Ainda que os pasquins nunca tenham desaparecido por
complexo, no século XVII foram substituídos em grande parte por um
gênero mais popular, o canard, a gazeta cheia de boatos e falsas notícias que circulou pelas ruas de Paris durante os 200 anos seguintes. Os canards
eram jornais impressos em tamanho grande, às vezes ilustrados com
gravuras chamativas para atrair os mais crédulos. Um dos mais
bem-sucedidos, na década de 1780, anunciou a captura no Chile de um
monstro que, aparentemente, estava sendo transferido de barco para a
Espanha. Tinha cabeça de fúria, asas de morcego, corpo gigantesco
coberto de escamas e rabo de dragão.
Durante a Revolução Francesa, os gravadores colocaram o rosto de Maria Antonieta nas placas de cobre e o canard
ganhou nova vida, como propaganda política deliberadamente falsa.
Apesar de não ser possível medir sua repercussão, desde cedo contribuiu
para o ódio patológico que se sentia com relação à rainha, que
desembocou em sua execução em 16 de outubro de 1793.

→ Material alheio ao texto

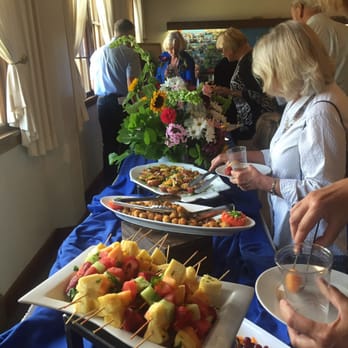 Seasoned In Seattle Catering - Lunch buffet for funeral - Caterers Near Me - Seattle, Washington Seasoned In Seattle Catering - Lunch buffet for funeral - Caterers Near Me - Seattle, Washington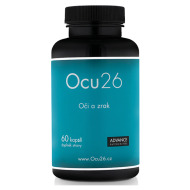 Advance Nutraceutics Ocu26 60tbl - cena, srovnání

O Le Canard Enchaîné, um semanário parisiense
especializado em revelações políticas exclusivas, hoje evoca essa
tradição em seu próprio título, que poderia ser traduzido figuradamente
como “os boatos controlados”. Recentemente publicou uma notícia sobre a
mulher de François Fillon, o candidato de centro-direita que era o
favorito na campanha presidencial da França. Segundo o jornal, Penelope
Fillon tinha recebido um salário alto durante muitos anos por ser
“ajudante parlamentar” de seu marido. Apesar de Fillon não ter dito que a
notícia era falsa –reconheceu que contratou sua esposa e afirma que
isso não é ilegal–, o chamado Penelopegate conseguiu tirar Donald Trump
das primeiras páginas e seguramente destruiu as possibilidade de Fillon
na eleição, em benefício da Frente Nacional, o mais parecido que existe
na França com o presidente norte-americano.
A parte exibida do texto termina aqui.